Иоганнес Гюнтер фон
Шрифт:
Дома я поначалу никому не показывал свои вирши, зато раздобыл адреса некоторых известных поэтов. Им я послал свои опыты, и, как ни удивительно, все они мне ответили. Детлев фон Лилиенкрон написал даже: «ex ungue leonem» («по когтям узнаю льва»), что мне до сих пор кажется невероятным, так как стихи были плохи. Князь Шёнайх-Каролат, которого я особенно почитал, откликнулся более сдержанно, но в целом одобрительно. Рихард Демель даже прислал рифмованное четверостишие. Густав Фальке, Цезар Фляйшлен, Карл Буссе, поэтические боги того времени, ныне вполне забытые, тоже хвалили, кто меньше, кто больше, а кое-кто даже узнавал в моем дебюте себя! Короче говоря, я почувствовал свое призвание. Итак, я начинающий поэт, прочь сомнения. А с театром я сроднился давно, драматург был заправский. Надо ли такому гению еще учиться? Учебу я в надменности своей запустил. И остался на второй год в выпускном классе.
Отец, узнав об этом, только горестно покачал головой.
Любовная история с Франциской хоть и кончилась конфузом, однако на прочие искушения в этом роде не повлияла. Впрочем, связанные с этим чувственные опыты настолько ординарны и в то же время не существенны, что распространяться о них здесь было бы неуместно.

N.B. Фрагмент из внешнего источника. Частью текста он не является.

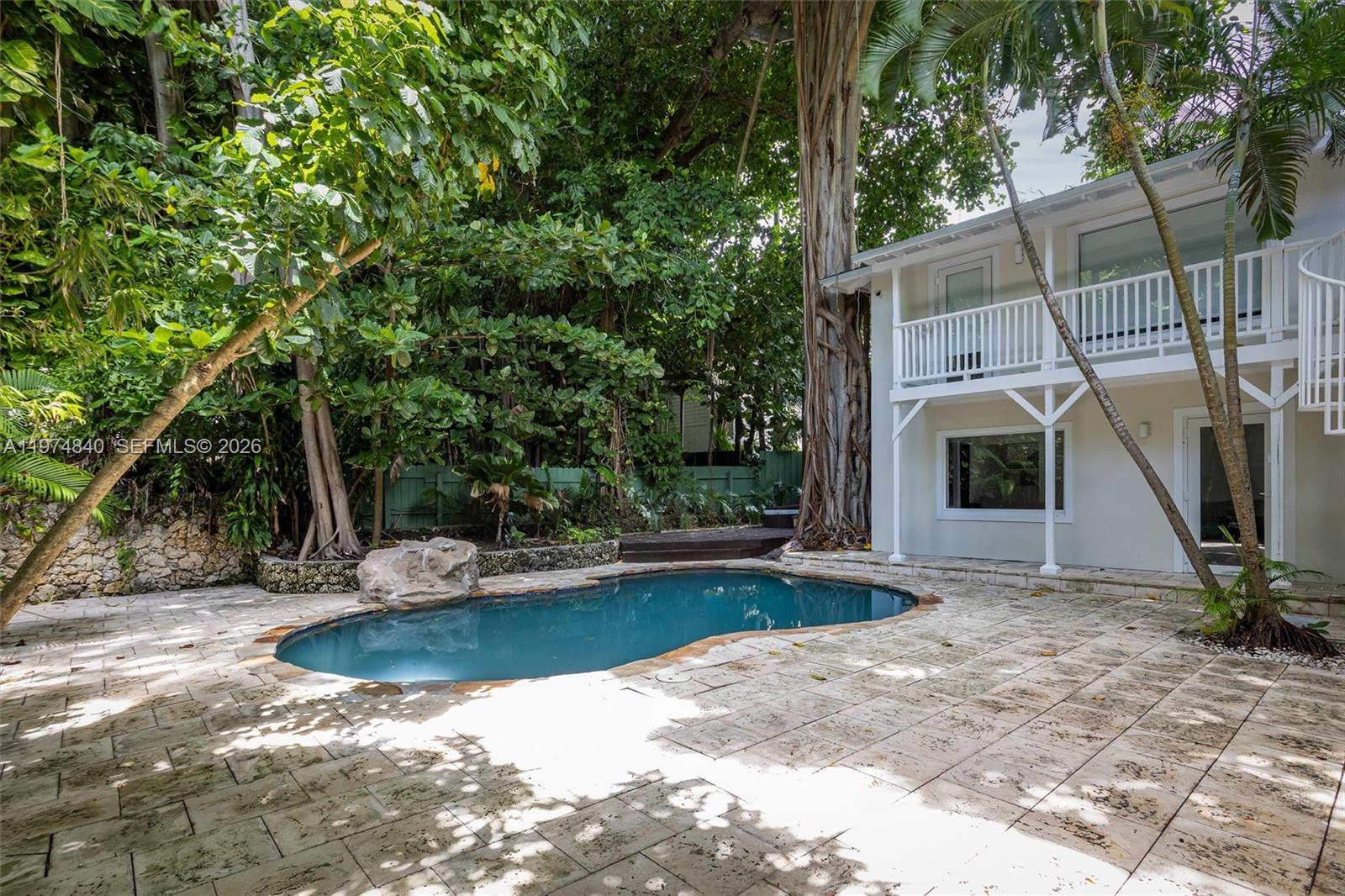 4286 Douglas Road Miami, FL 33133 - Photo 41 of 51 a view of a house with backyard and sitting area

Правда, не могу не признаться, что всякая эротическая разменная мелочь дурно на меня повлияла. Я стал заносчив, тщеславен и глуповат, что, как правило, и возникает в таком сочетании. Я, как это свойственно возрасту, задирал нос, полагая себя неизмеримо выше других. К моему несчастью, окружающие поддерживали во мне это мнение о себе, ибо я, в общем-то, всем нравился, я был красив, высок, строен, умел вести себя в обществе и поддержать любой разговор.
В ту и следующую за ней зиму все мои сестры стали замужними дамами. Три из них вышли замуж за троих братьев, швейцарцев, из которых один был управляющим имением в Белоруссии, другой коммерсантом во Владивостоке, а третий, с кем я был особенно дружен, был инженером. Моя младшая сестра Лиза (Луза!) сочеталась браком с владельцем мыльной фабрики из Митавы. На ее помолвке я блистал как солист — декламировал стихи, пел, отчасти песенки собственного сочинения, разыгрывал сценки, отчасти костюмированные, и даже танцевал по ходу одной из своих музыкальных импровизаций. Теперь мне все это трудно себе и представить, настолько тот я стал себе чужим.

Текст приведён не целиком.